Juillet 2025 : Les premiers signaux d’alerte
La ville de Detroit engage des poursuites judiciaires contre RealT pour violations du code immobilier (logements insalubres : peinture au plomb, infestations, structures dangereuses), arriérés d’impôts sur 408 propriétés (dette estimée à 3,6 millions de dollars), et nuisances publiques (141 propriétés vacantes, négligées).
Avril 2026 : Le fiduciaire prend le contrôle
Un fiduciaire indépendant (Charles Bullock) est nommé pour gérer les 700 biens du portefeuille, avec des pouvoirs étendus (vente des actifs, rénovations, démolitions).
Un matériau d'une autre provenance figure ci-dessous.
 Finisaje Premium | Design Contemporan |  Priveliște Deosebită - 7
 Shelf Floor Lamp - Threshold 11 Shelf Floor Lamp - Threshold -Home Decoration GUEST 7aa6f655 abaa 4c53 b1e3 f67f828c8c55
Problème : le compte séquestre dédié ne contient que 640 000 dollars, une somme insuffisante face aux besoins.
Juillet 2026 : La liquidation volontaire
Jean-Marc Jacobson annonce lors d’un community call sur YouTube la liquidation volontaire des LLC. Conséquences : suspension des loyers (en USDC) depuis plusieurs mois, vente forcée des biens souvent avec une décote importante, récupération des fonds incertaine (taxes impayées, frais juridiques et administratifs réduisent drastiquement les montants restituables).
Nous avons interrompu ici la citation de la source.